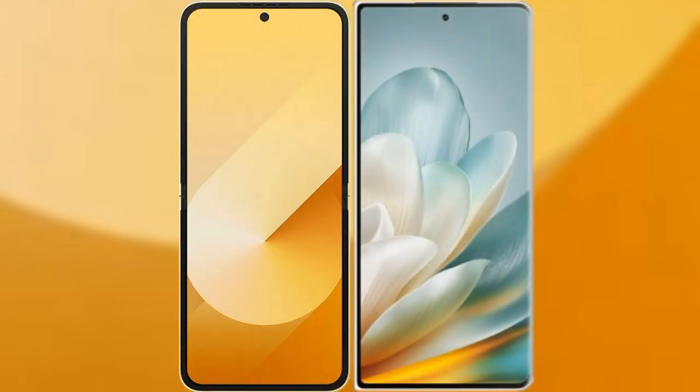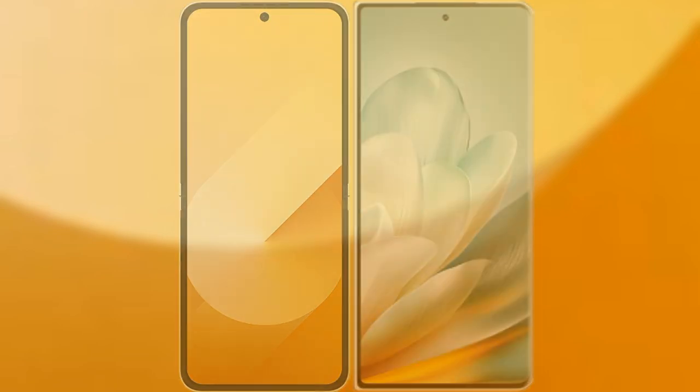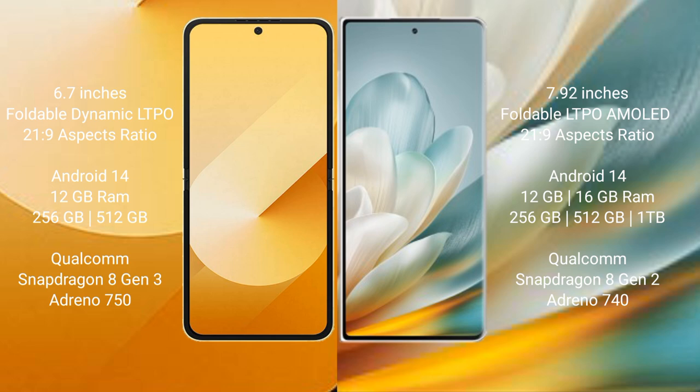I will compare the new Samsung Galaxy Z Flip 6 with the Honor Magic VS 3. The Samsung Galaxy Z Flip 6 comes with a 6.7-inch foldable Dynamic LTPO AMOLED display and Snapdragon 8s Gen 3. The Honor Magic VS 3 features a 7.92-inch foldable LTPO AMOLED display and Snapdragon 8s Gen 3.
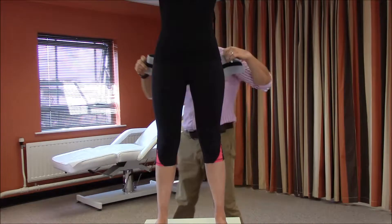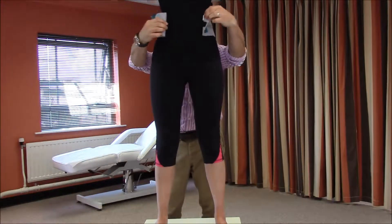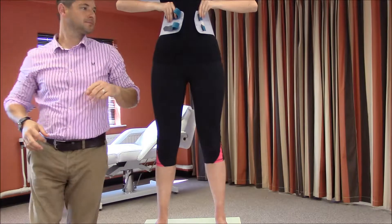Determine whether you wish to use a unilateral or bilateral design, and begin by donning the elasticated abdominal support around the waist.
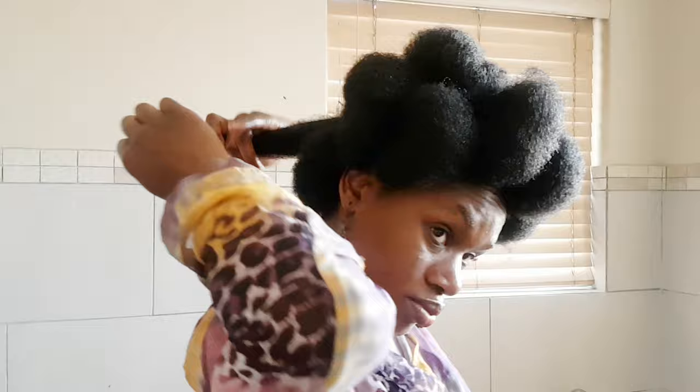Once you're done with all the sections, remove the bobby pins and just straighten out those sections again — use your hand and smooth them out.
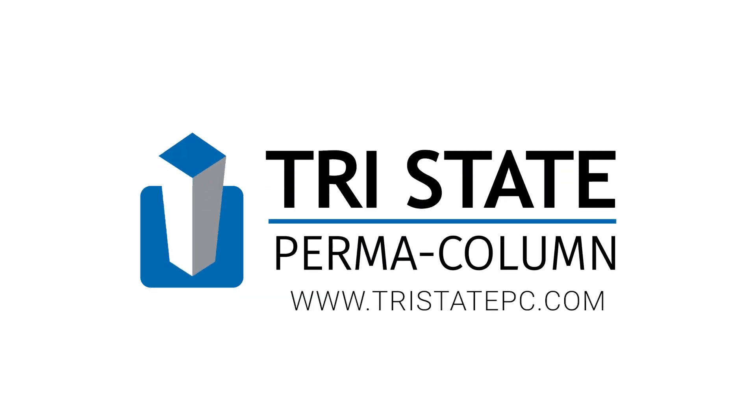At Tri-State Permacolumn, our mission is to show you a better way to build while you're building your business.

* * *

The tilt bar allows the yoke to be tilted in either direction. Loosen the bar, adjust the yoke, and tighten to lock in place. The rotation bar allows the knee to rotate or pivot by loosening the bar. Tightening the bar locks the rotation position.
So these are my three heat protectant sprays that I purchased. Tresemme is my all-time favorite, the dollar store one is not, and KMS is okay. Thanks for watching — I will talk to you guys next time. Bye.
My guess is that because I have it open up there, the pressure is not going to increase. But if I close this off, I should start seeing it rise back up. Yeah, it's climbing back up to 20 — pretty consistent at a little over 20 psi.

---

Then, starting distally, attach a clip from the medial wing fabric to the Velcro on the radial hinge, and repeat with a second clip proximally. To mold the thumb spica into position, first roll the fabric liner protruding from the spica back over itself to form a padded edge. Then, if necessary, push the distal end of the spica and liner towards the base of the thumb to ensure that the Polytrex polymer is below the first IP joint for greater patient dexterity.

Exercise brief
Above are records; repeat only the lines starting at the line with "The tilt bar" and ending at the line with "My guess is", exactly as they appear, both included.

Your response
The tilt bar allows the yoke to be tilted in either direction. Loosen the bar, adjust the yoke, and tighten to lock in place. The rotation bar allows the knee to rotate or pivot by loosening the bar. Tightening the bar locks the rotation position.
So these are my three heat protectant sprays that I purchased. Tresemme is my all-time favorite, the dollar store one is not, and KMS is okay. Thanks for watching — I will talk to you guys next time. Bye.
My guess is that because I have it open up there, the pressure is not going to increase. But if I close this off, I should start seeing it rise back up. Yeah, it's climbing back up to 20 — pretty consistent at a little over 20 psi.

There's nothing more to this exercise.